Identical twins have nothing about black holes. Twins can grow up from the same genetic patterns, but they can differ in a thousand ways – from temperament to hairstyle. Black holes, according to Albert Einstein’s theory of gravity, can have only three characteristics: mass, spin and charge. If these values are the same for two black holes, it is impossible to distinguish one twin from the other. Black holes, they say, have no hair.
“In classical general relativity, they would be exactly the same,” said Paul Chesler, theoretical physicist at Harvard University. “You can’t tell the difference.”
Yet scientists have begun to question whether the “hairless theorem” is strictly true. In 2012, a mathematician named Stefanos Aretakis – then at the University of Cambridge and now at the University of Toronto – suggested that some black holes could have instabilities on their event horizons. These instabilities would effectively give certain regions of a black hole’s horizon a stronger gravitational pull than others. This would make it possible to distinguish black holes that are otherwise identical.
However, his equations only showed that this was possible for so-called extremal black holes – those with a maximum possible value for their mass, spin, or charge. And as far as we know, “these black holes cannot exist, at least exactly, in nature,” Chesler said.
But what if you had an almost extreme black hole, which approached those extreme values but didn’t quite reach them? Such a black hole should be able to exist, at least in theory. Could there be detectable violations of the Hairless Theorem?
A article published at the end of last month shows he could. In addition, these hairs could be detected by gravitational wave observatories.
“Aretakis basically suggested that there was information that remained on the horizon,” said Gaurav Khanna, a physicist at the University of Massachusetts and the University of Rhode Island and one of the co-authors. “Our article opens up the possibility of measuring this hair.”
In particular, scientists suggest that remnants of black hole formation or subsequent disturbances, such as matter falling into the black hole, could create gravitational instabilities on or near a nearly black hole’s event horizon. extreme. “We would expect the gravitational signal that we are seeing to be very different from ordinary black holes which are not extremal,” Khanna said.
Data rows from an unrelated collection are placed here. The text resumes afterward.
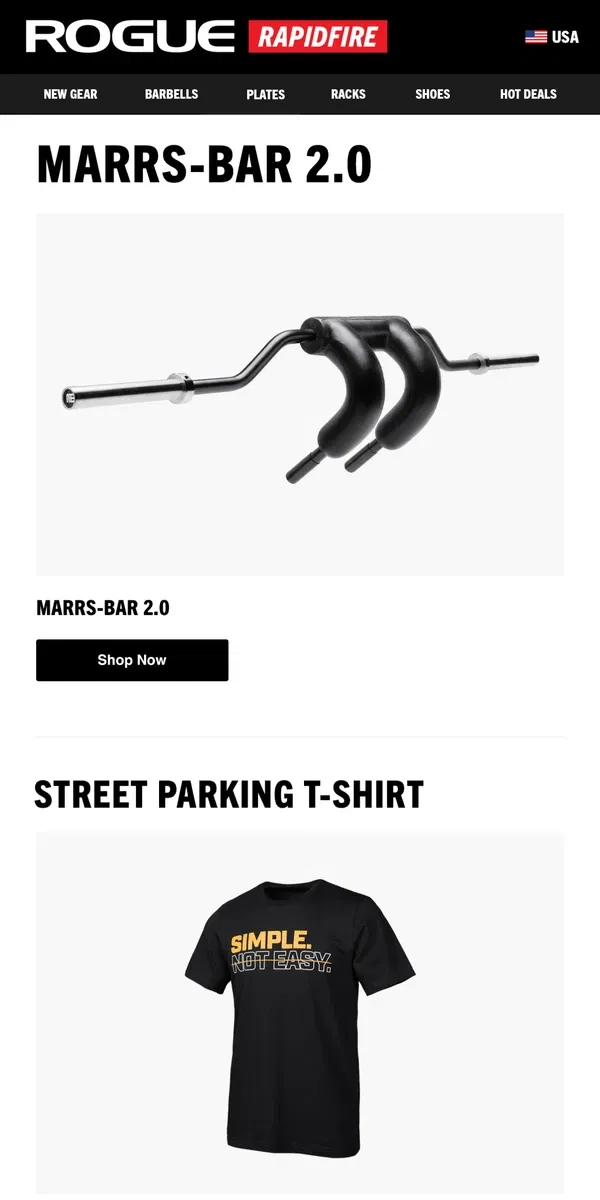 Email from Rogue Fitness. Just Launched: Marrs-Bar 2.0 & Street Parking Simple Not Easy T-Shirt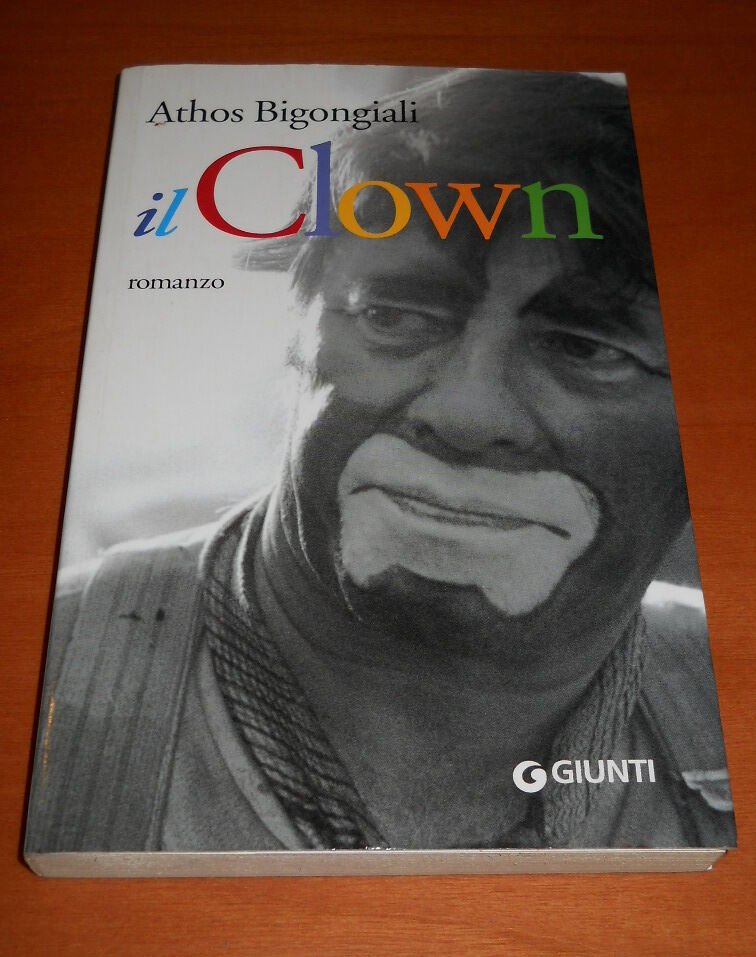 Il clown (dedica e autografo dell'autore )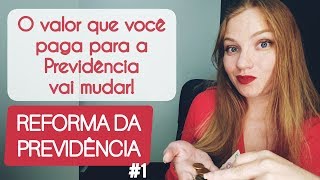 Contribuição previdenciária: o valor mudou com a Reforma da Previdência! #Previdenciar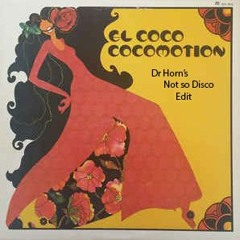 El Coco - Cocomotion '79 (Dr Horn's Not So Disco Edit)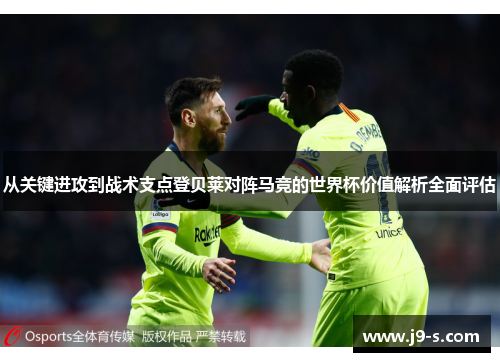 从关键进攻到战术支点登贝莱对阵马竞的世界杯价值解析全面评估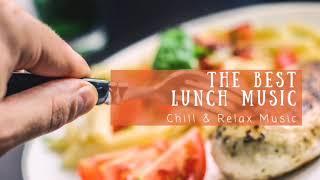 Daily BGM 日常 - The Best Lunch Music【最佳午餐心情音乐】全网最佳的午餐音乐心情陪伴｜纯音乐 | 轻音乐 | 音乐 陪伴 | 音乐 心灵 | 疗愈 平静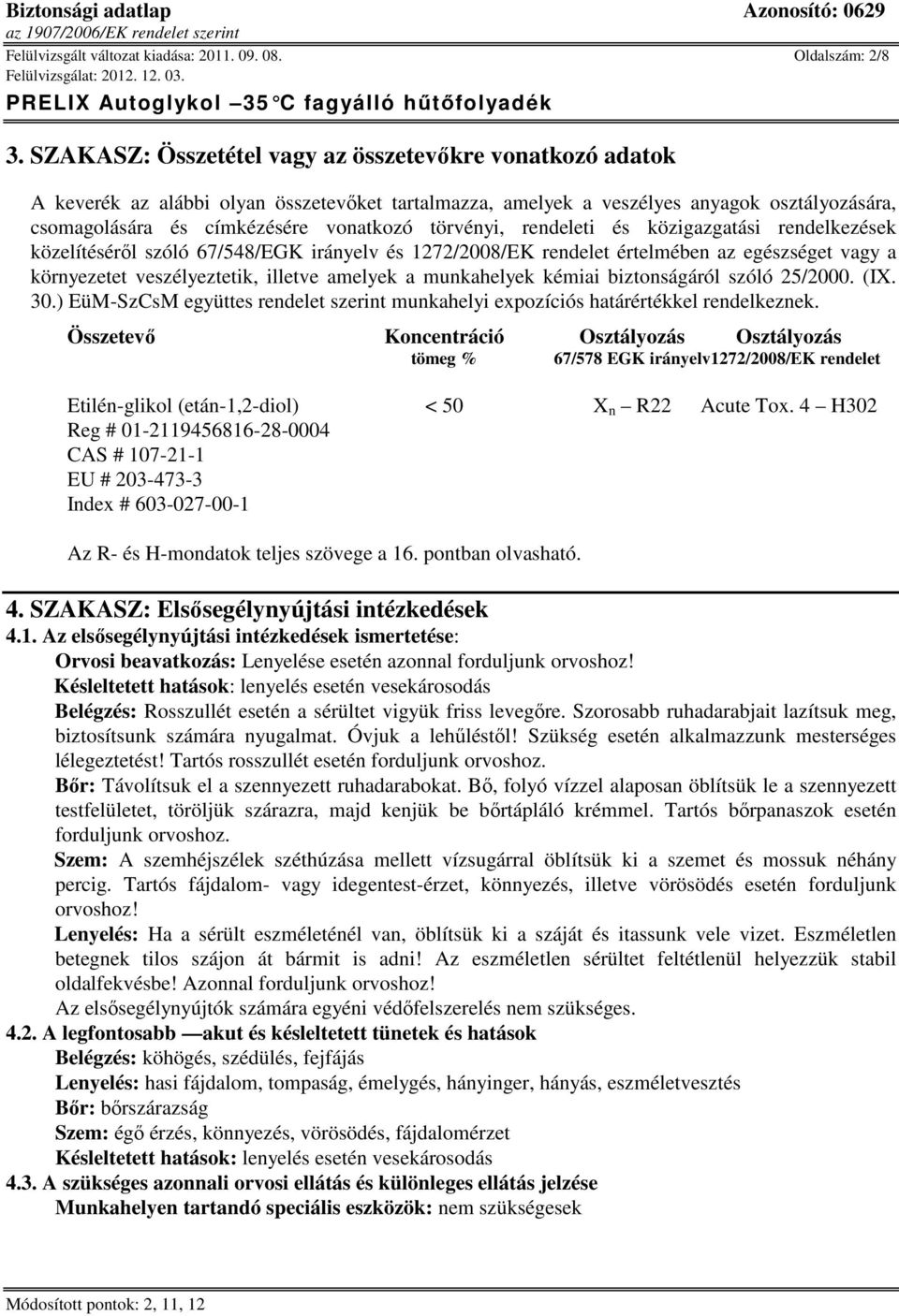 törvényi, rendeleti és közigazgatási rendelkezések közelítéséről szóló 67/548/EGK irányelv és 1272/2008/EK rendelet értelmében az egészséget vagy a környezetet veszélyeztetik, illetve amelyek a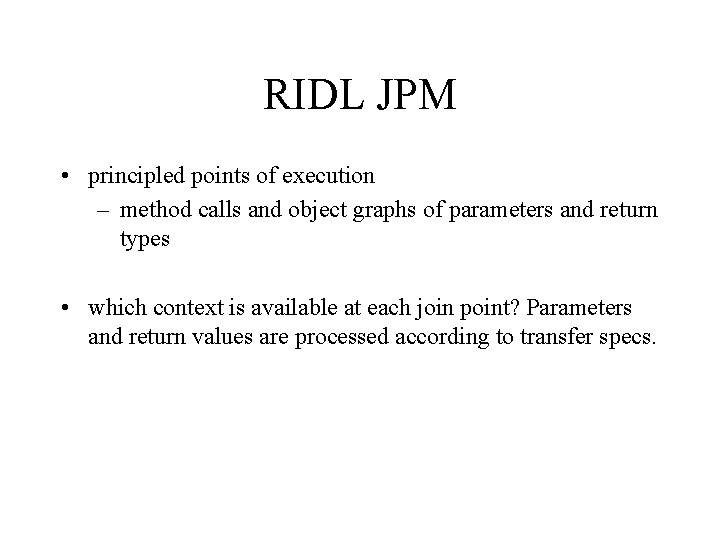 RIDL JPM • principled points of execution – method calls and object graphs of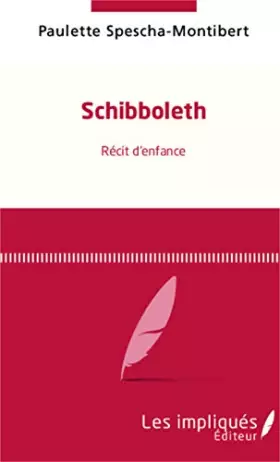 Couverture du produit · Schibboleth récit d'enfance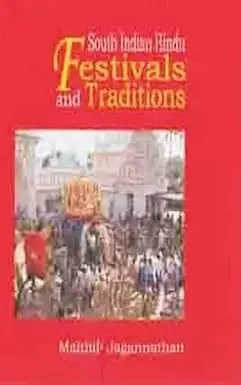 South Indian Hindu Festivals And Traditions By Maithily Jagannathan (Hardcover) 1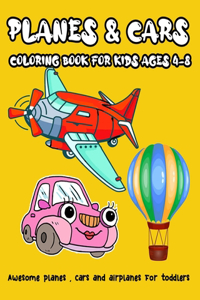 Planes & Cars coloring book for kids Ages 4-8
If black holes have hair – thus retaining information about their past – it could have implications for the famous black hole information paradox presented by the late physicist Stephen Hawking, said Lia Medeiros, astrophysicist at the Institute for Advanced Study in Princeton, New Jersey. This paradox distills the fundamental conflict between general relativity and quantum mechanics, the two great pillars of 20th century physics. “If you do not respect any of the assumptions [of the information paradox], you may be able to resolve the paradox itself, ”Medeiros said. “One of the hypotheses is the Hairless Theorem.”
The ramifications of this could be vast. “If we can prove that the real space-time of the black hole outside the black hole is different from what we expect, then I think it will have really huge implications for general relativity,” said Medeiros, co-author an article in October which aimed to determine whether the observed geometry of black holes was as expected.
Perhaps the most exciting aspect of this latest article, however, is that it could provide a way to merge black hole observations with fundamental physics. Detecting hairs on black holes – perhaps the most extreme astrophysical labs in the universe – could allow us to probe ideas like string theory and quantum gravity in ways that have never been possible. before.
“One of the big problems with string theory and quantum gravity is that it’s really hard to test these predictions,” Medeiros said. “So if you have something that is even remotely testable, that’s amazing.”
There are, however, major obstacles. It is not certain that there are near extreme black holes. (The best simulations at the moment typically produce black holes that are 30% far from extreme, Chesler said.) And even if they do, it’s not clear whether gravitational wave detectors would be enough. sensitive to detect these hair instabilities.